Du plus loin que je me souvienne, l’ouïe a toujours été mon sens le plus aiguisé.

Mon premier souvenir : une bille placée dans un égouttoir en métal que je faisais tourner avec un plaisir intense, sans jamais me lasser. Je ne parlais pas encore. Ce petit bruit métallique, que je pouvais moduler selon la vitesse ou la position de la bille dans sa conque de métal, était une source de joie indicible. Pour moi, s’entend. J’imagine que pour mes parents, la satisfaction s’obtenait surtout par l’arrêt de mon jeu favori.

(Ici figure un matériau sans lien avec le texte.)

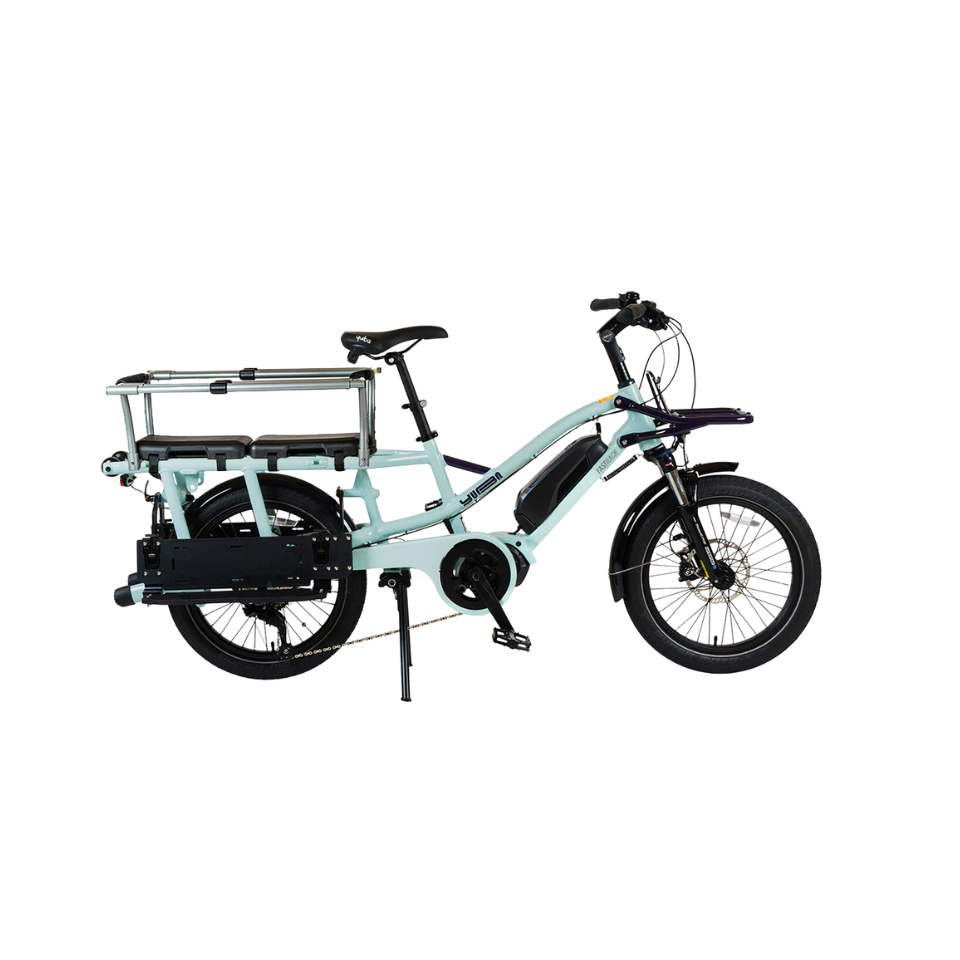 Yuba - FastRack V1 Longtail - 504 Wh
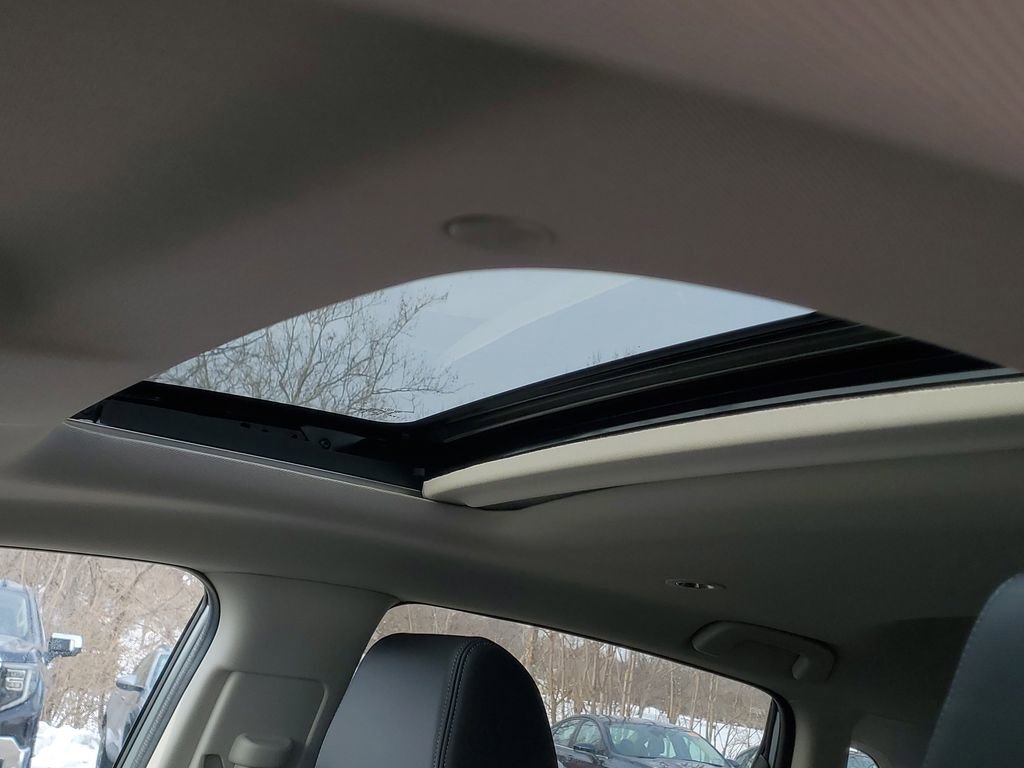 New 2026 Honda HR-V EX-L image 9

Quelques années plus tard, vers l’âge de 6 ans, ce fut un autre « bruit » qui attira mon oreille. Il provenait encore d’une « chose tournante », mais toute noire celle-là, placée sur un tourne-disque. De ce cercle de vinyle sortait un miracle : de la musique ! et, surtout, une voix ! une voix de femme qui montait, montait, sans jamais trouver de limites. Mado Robin, « la voix la plus haute du monde ! » disait l’étiquette. Je ne saurais dire si je trouvais cette voix belle, ni même définir ce qu’elle me procurait… J’étais fasciné, émerveillé par ce qu’une voix humaine pouvait faire. J’ai toujours gardé de cette époque une attirance pour les voix hautes.

D’autres disques ont tourné ensuite. Et j’ai découvert que les voix chantaient du texte, des mots, surtout des sentiments, des états, des drames, des enthousiasmes… Alors, j’ai chanté, chanté tout le temps - quand je ne parlais pas, car j’étais incroyablement bavard.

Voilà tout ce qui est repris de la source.